*** TASK DATA ***

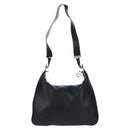 GUCCI Shoulder Bag Leather Black Silver 001 3341 3444 Auth gh1514-2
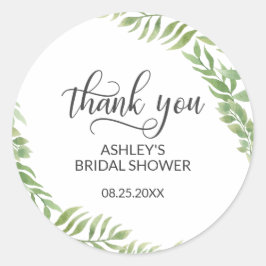 Verlaat botanisch Vrijgezellenfeest Dank u Ronde Sticker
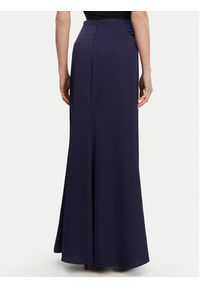 ACCESS FASHION Spódnica maxi 53-6023-147 Granatowy Regular Fit. Kolor: niebieski. Materiał: syntetyk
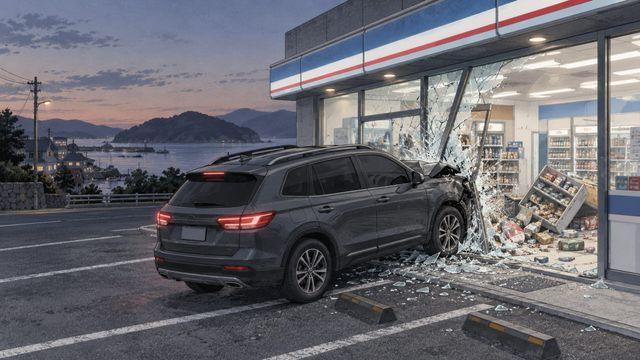 거제서 70대 운전 SUV 편의점 돌진…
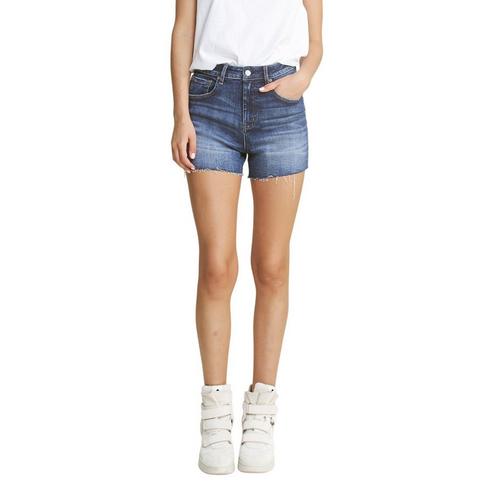Women's Mica Denim Super High Rise Raw Hem Jean Shorts - Primary Image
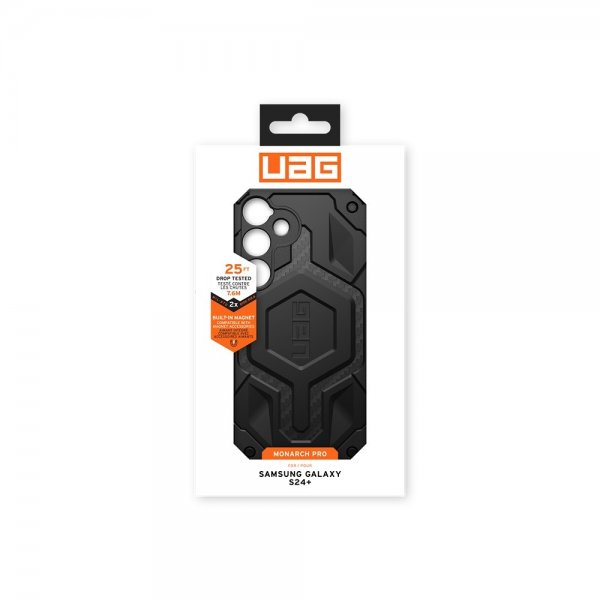 Urban Armor Gear (UAG) Samsung Galaxy S24 Plus Cover Monarch Pro MagSafe Carbon Fiber
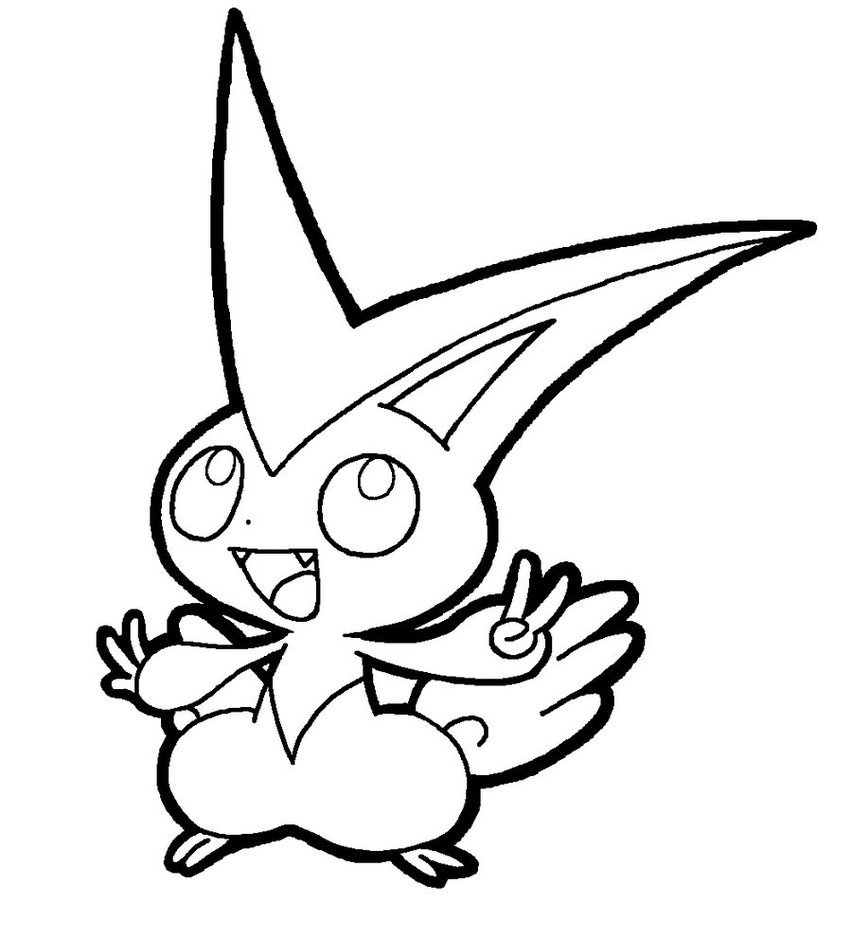 Victini Coloring Pages At Free Printable Colorings
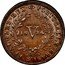 Portugal 5 Reis (V) 1824 KM# 355 Kingdom Milled coinage PORTUGALIAE E BRASILIAE ET ALGARB REX V coin reverse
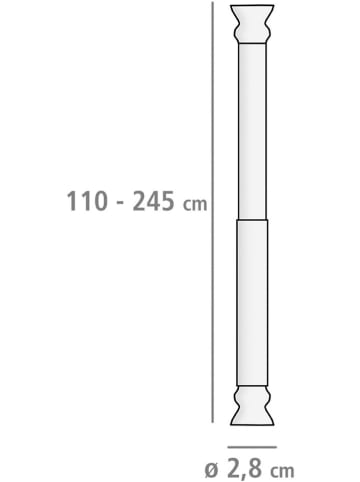 Wenko Drążek prysznicowy w kolorze białym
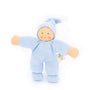 Nanchen Organic Waldorf Doll - Pimpel Light Blue - 17cm | | Nanchen | Little Acorn to Mighty Oaks
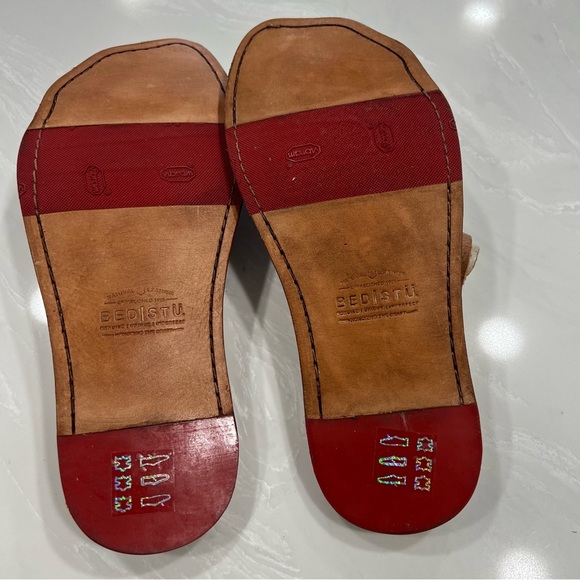 Bed|Stu Nemesis Brown Leather Women's Sandals Size 8.5 - Picture 10 of 12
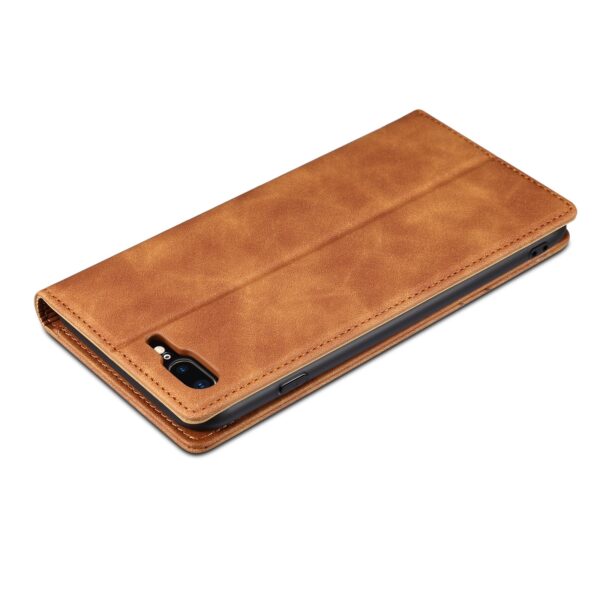 Θήκη iPhοne 7 Plus / 8 Plus Βιβλίο Καφέ GUSSIM GS-001 Business Style Horizontal Flip Skin Feel Case Bown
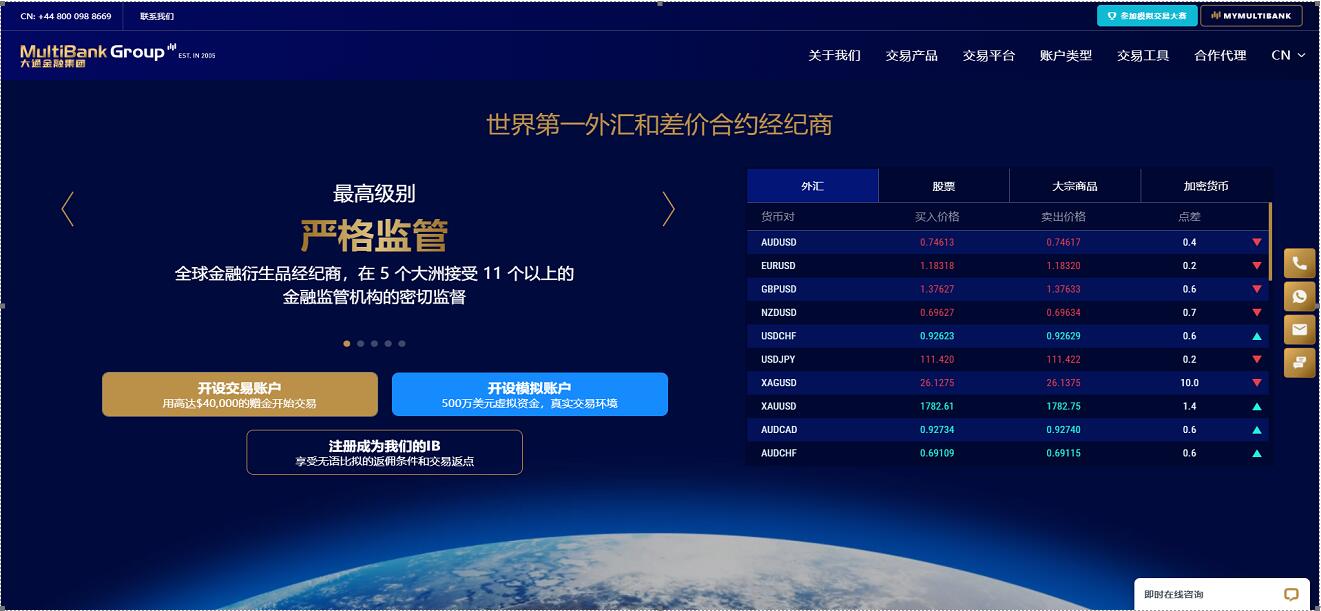 蜕变 & 新篇章 —— MultiBank Group大通金融集团启用蓝色新官网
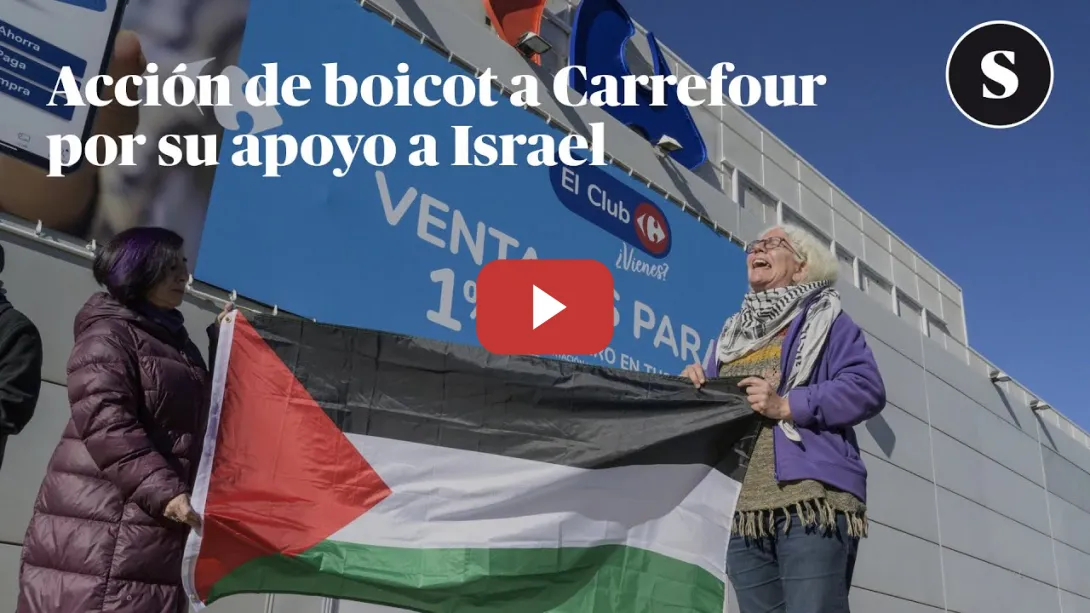 Embedded thumbnail for Acción de boicot a Carrefour por su apoyo a Israel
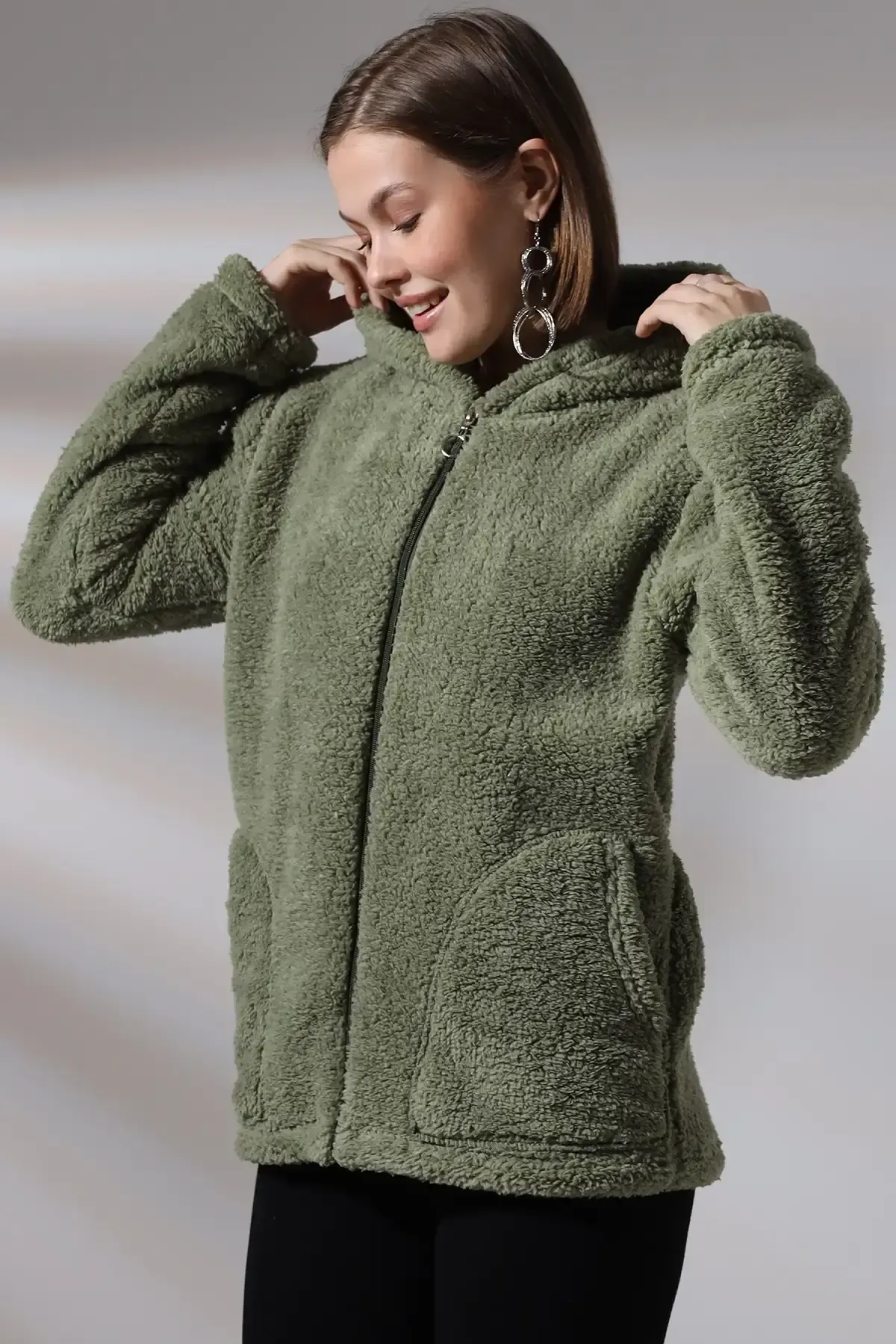 Fermuarlı Polar Sweat-plrsw-123-yysl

***

* _BRIEF_
The line with "蜕变 & 新篇章 —— MultiBank Group大通金融集团启用蓝色新官网" ends the range, and the first line of the data begins it; repeat exactly those lines and nothing more, omitting pictures.

* _REPLY_
 GUCCI Shoulder Bag Leather Black Silver 001 3341 3444 Auth gh1514-2
 Verlaat botanisch Vrijgezellenfeest Dank u Ronde Sticker
 ACCESS FASHION Spódnica maxi 53-6023-147 Granatowy Regular Fit. Kolor: niebieski. Materiał: syntetyk
 거제서 70대 운전 SUV 편의점 돌진…
Women's Mica Denim Super High Rise Raw Hem Jean Shorts - Primary Image
 Urban Armor Gear (UAG) Samsung Galaxy S24 Plus Cover Monarch Pro MagSafe Carbon Fiber
 Victini Coloring Pages At Free Printable Colorings
 Portugal 5 Reis (V) 1824 KM# 355 Kingdom Milled coinage PORTUGALIAE E BRASILIAE ET ALGARB REX V coin reverse
 Wenko Drążek prysznicowy w kolorze białym
 Nanchen Organic Waldorf Doll - Pimpel Light Blue - 17cm | | Nanchen | Little Acorn to Mighty Oaks
 Bed|Stu Nemesis Brown Leather Women's Sandals Size 8.5 - Picture 10 of 12
 Θήκη iPhοne 7 Plus / 8 Plus Βιβλίο Καφέ GUSSIM GS-001 Business Style Horizontal Flip Skin Feel Case Bown
 蜕变 & 新篇章 —— MultiBank Group大通金融集团启用蓝色新官网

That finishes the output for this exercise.